Re: [nova] Nova evacuate issue

8 Jan 2021

      Considering that this issue happened in our production environment, it’s not exactly possible to try to reproduce without shutting down servers that are currently in use. That said, If the current logs I have are enough, I will try opening a bug on the bugtracker.

Compute22, the source host, was completely dead. It refused to boot up through IPMI.

It is possible that that stein fix prevented me from reproducing the problem in my staging environment (production is on rocky, staging is on stein).

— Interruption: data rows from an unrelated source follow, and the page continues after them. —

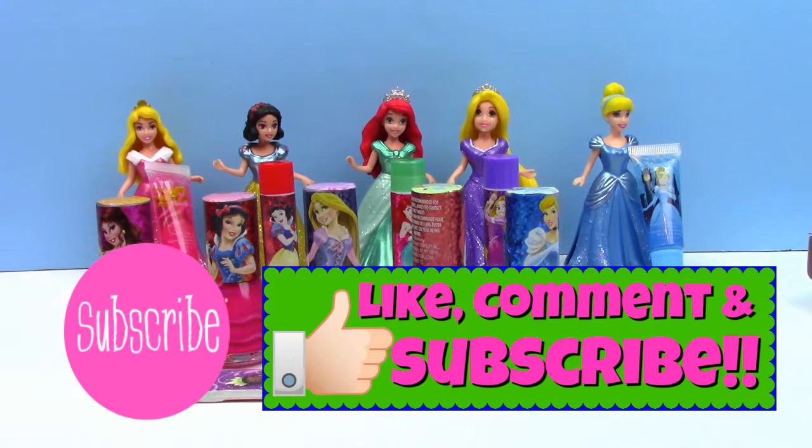Well guys, if you loved our Disney Princess Beauty Review, click the Like button and let us know. And as always, make sure to subscribe to our channel so that you can watch this and other beauty review products that we do. Thanks so much for watching, guys. Bye-bye for now.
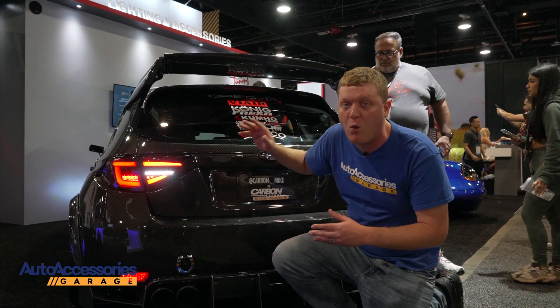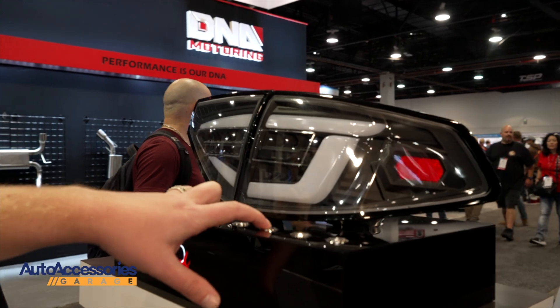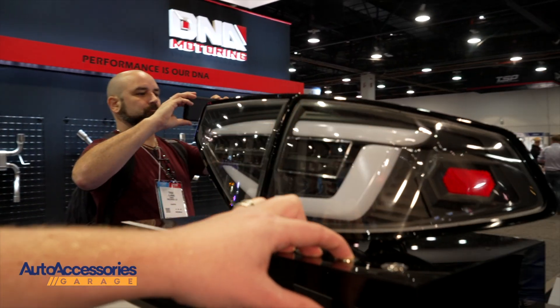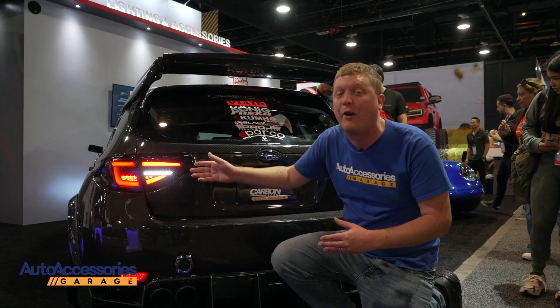These are weather-tight — no water is going to get in here. 50 State Street Legal, DOT approved. These are backed by a 90-day warranty, and you can order these with free shipping through Auto Accessories Garage.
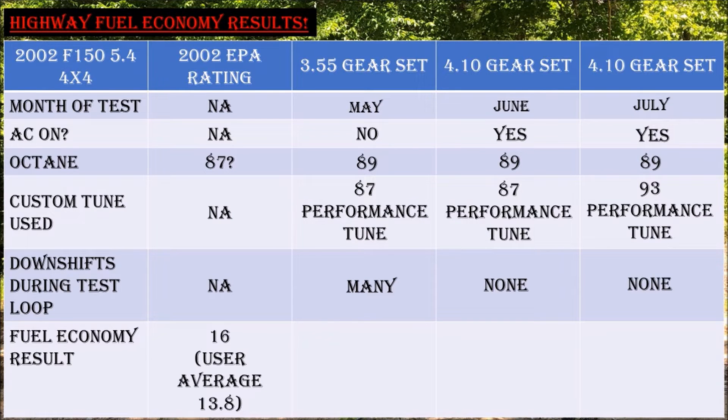And now, drumroll please — the moment we've all been waiting for. The 3.55 gears delivered 20.56 MPG. The 4.10 gears with the 87 performance tune delivered 20.78 MPG. And the 93 performance tune with the 4.10 gears delivered 20.09 MPG.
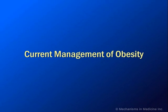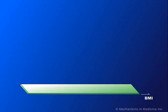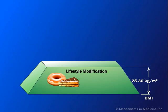This animation discusses the current management strategies for obesity. The management of obesity is presented here using the concept of a pyramid.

Also, it may be important to note that our neutron is split, as we use neutron-rpc-server to answer rpc calls. It’s also HA, as we have two controllers with neutron-rpc-server and the api running (and that won’t work anymore when we upgrade production to stein, but that’s another problem entirely and probably off-topic here).

Jean-Philippe Méthot
Senior Openstack system administrator
Administrateur système Openstack sénior
PlanetHoster inc.
4414-4416 Louis B Mayer
Laval, QC, H7P 0G1, Canada
...
Le 7 janv. 2021 à 09:26, Lee Yarwood <lyarwood@redhat.com> a écrit :
Would you be able to trace an example evacuation request fully and
pastebin it somewhere using `openstack server event list $instance [1]`
output to determine the request-id etc? Feel free to also open a bug
about this and we can just triage there instead of the ML.
The fact that q-api has sent the
network-vif-plugged:80371c01-930d-4ea2-9d28-14438e948b65 to n-api
suggests that the q-agt is actually alive on compute22, was that the
case? Note that a pre-condition of calling the evacuation API is that
the source host has been fenced [2].
That all said I wonder if this is somehow related too the following
stein change:
https://review.opendev.org/c/openstack/nova/+/603844 <https://review.opendev.org/c/openstack/nova/+/603844>